Science and art often overlap – as in an upcoming climate-change exhibit presented by UCF’s School of Visual Arts & Design and the CREATE Program.
The exhibit, “Today for Tomorrow: A Visual Response to Climate Change,” will feature emotionally driven artwork created by students from UCF and local elementary schools beginning Jan. 13 at the Orlando Science Center’s Fusion: A STEAM Gallery.
Organizers of the exhibit said the two-month show “is a visual response to one of the most complicated issues of our time…We read about it. We worry about it. We study it. We attempt to fix it.”
Curator for the exhibit, UCF art professor Carla Poindexter, said displays at science centers usually are about scientists looking for answers.

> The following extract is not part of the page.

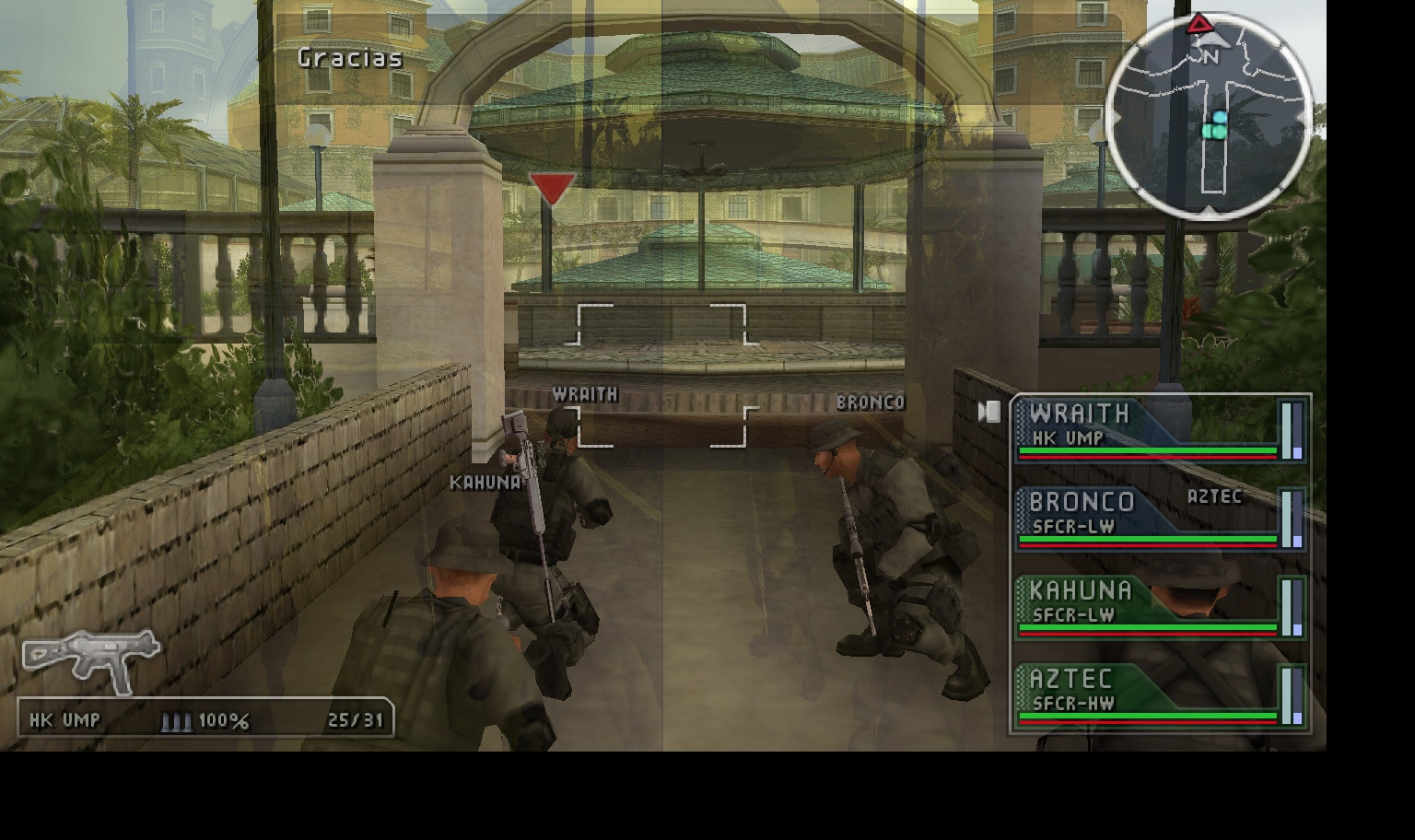 User screenshot of game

“But the works produced by the art students for this show are what I would call images of concern, they pose questions or offer images that are intended to solicit emotional responses,” Poindexter said.
For example, artist Chris Rivera’s work “When You Remember That Bees Are Dying at an Alarming Rate” focuses on the future of bees around the planet.
“In the last five years alone 30 percent of the national bee population have disappeared and nearly a third of all bee colonies in the U.S. are gone,” Rivera said. “Bees play a very significant role in the production of the fruits and vegetables that we humans consume and commonly take for granted. The bee population is so low in China they are reduced to human workers pollinating their produce fields by hand. Does all this not weigh on our conscious?”
The science center’s Fusion: A STEAM Gallery is on the third floor mezzanine and combines the STEM acronym of Science, Technology, Engineering and Mathematics with the “A” to represent Art.
UCF’s rotating exhibits at the center feature paintings, sculptures, animations graphic designs and other artworks among the center’s other displays. The gallery is included with admission to the center, 777 E. Princeton St.